Links 2023-04-09
It is never so simple as we might wish it to be.
Intelligence is vitally important and at the same time only partially explanatory for success in life. Rob Henderson explores this importance and its limitations in “Nobody is a Prisoner of Their IQ”.
Continuing with the theme of important but complicated, Virginia Postrel discusses the tradeoffs between effective and “ineffective” altruism. This is a topic I come back to from time to time as I am often a critic of much altruistic efforts. This pushes back a little on my tendency to side with the effective altruists (note: this is a tendence rather than a wholehearted siding). At the same time it gives some concrete support for when I have waivered from the island of EA.

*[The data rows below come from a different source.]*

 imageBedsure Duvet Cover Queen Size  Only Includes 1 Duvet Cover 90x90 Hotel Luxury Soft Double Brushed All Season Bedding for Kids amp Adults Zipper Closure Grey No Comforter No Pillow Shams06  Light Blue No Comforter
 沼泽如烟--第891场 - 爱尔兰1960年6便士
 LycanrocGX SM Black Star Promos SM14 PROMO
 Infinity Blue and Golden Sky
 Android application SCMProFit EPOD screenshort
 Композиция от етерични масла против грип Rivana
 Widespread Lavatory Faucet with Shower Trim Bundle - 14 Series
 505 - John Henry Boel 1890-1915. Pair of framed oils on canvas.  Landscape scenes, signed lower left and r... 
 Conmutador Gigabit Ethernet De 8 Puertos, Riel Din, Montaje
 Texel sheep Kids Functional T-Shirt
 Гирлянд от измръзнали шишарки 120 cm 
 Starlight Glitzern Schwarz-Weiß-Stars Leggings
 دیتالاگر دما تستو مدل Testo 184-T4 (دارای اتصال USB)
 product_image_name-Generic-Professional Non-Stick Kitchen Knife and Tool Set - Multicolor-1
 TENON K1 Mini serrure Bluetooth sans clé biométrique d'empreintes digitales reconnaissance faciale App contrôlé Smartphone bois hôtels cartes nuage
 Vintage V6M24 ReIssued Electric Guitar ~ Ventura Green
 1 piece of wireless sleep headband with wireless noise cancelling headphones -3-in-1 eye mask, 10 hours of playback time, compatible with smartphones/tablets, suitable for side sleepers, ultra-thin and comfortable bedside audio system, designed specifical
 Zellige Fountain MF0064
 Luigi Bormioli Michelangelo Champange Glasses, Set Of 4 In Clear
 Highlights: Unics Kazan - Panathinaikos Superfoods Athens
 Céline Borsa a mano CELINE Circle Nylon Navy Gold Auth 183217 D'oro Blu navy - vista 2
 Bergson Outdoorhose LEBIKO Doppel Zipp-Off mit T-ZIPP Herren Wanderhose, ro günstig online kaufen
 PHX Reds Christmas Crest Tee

If everything were as simple and straightforward as we wished, solutions like Effective Altruism would make progress easy. Alas, it is never that simple. As a fantastic but tragic case in point Michael Huemer argues “The Drug Laws Don't Work”.
Winners often quit, and quitters often win. That’s not the old saying, but Annie Duke thinks it should be. Grit is essential to success, but it is mistakenly understood as grit implies never quit. When stubborn is used as a virtue, we get good money chasing bad.
Perhaps dovetailing with all of the above in one fashion or another, Gurwinder explains “Why Smart People Believe Stupid Things”. We think or want to think that:
IQ is worthless or IQ is everything.
The only charity we should do is that which the experts have determined to be effective or we ignore the excellent points the EA experts make.
Drugs1 are bad; therefore, we can2 make the world better by making them illegal.
We have to finish what we start.
Each link above might leave you a bit dismayed since each challenges the certainty we all long for. One thing does seem certain. There is always nuance.
Notice how fluid and indeterminant the category of bad drugs actually is and how drug warriors of all types think in simplistic black and white terms in defining the category.
The word “can” here has too meanings—moral and effectual.